Da Materialien wie FR4 nicht wirklich umweltfreundlich sind, ist es gut, diese direkt zu vermeiden. Biologisch abbaubare Alternativen zu FR4 existieren. Aktuell sind pflanzliche Substrate, die von ungiftigen Polymeren umgeben sind, im Test. Der Vorteil ist nicht nur die biologische Abbaubarkeit, sondern auch die deutlich bessere CO2-Bilanz.

Doch auch diese Verfahren kommen an ihre Grenzen. Die Herstellung von Leiterplatten für Anforderungen moderner Technologien wie 5G und hochdichten IC-Substraten erfordert modernste Fertigungstechnologie. Fabriken investieren in neue Anlagen und Prozesse, um sehr kleine Leiterbahnen und hohe Funktionsdichten zu ermöglichen. Dies erfordert ständige Innovation und Anpassung der Fertigungstechniken, um mit den technologischen Trends Schritt zu halten.

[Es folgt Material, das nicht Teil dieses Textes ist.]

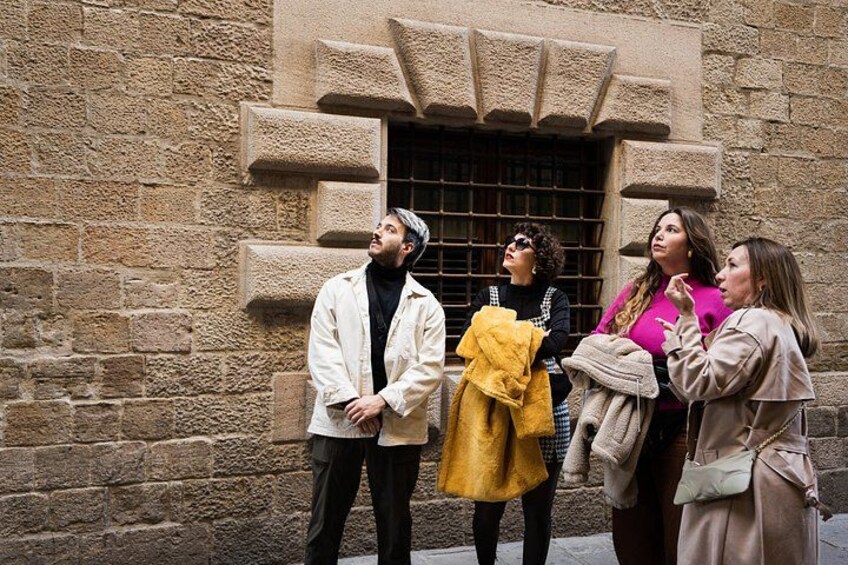 Four people standing in front of a stone building with a window and a door. 3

Umweltschonende Trennverfahren

Ein weiterer wichtiger Trend ist die Entwicklung umweltfreundlicher Recyclingprozesse, die den ökologischen Fußabdruck reduzieren. Dazu gehören unter anderem Verfahren, die ohne den Einsatz schädlicher Chemikalien auskommen und darauf abzielen, den Energieverbrauch und die Emissionen zu minimieren. Aber auch Verfahren wie kryogenes Recycling, bei welchem die Leiterplatten auf sehr niedrige Temperaturen abgekühlt werden. Dadurch werden die Materialien spröde und können somit leichter mechanisch getrennt werden. Dies reduziert die Notwendigkeit für chemische Prozesse. Auch die Biometallurgie findet hier Einsatz, bei der Mikroorganismen verwendet werden, um wertvolle Metalle wie Kupfer und Gold aus Leiterplatten zu extrahieren. Diese Methode ist umweltfreundlich, da sie auf natürlichen Prozessen basiert und keine schädlichen Chemikalien benötigt.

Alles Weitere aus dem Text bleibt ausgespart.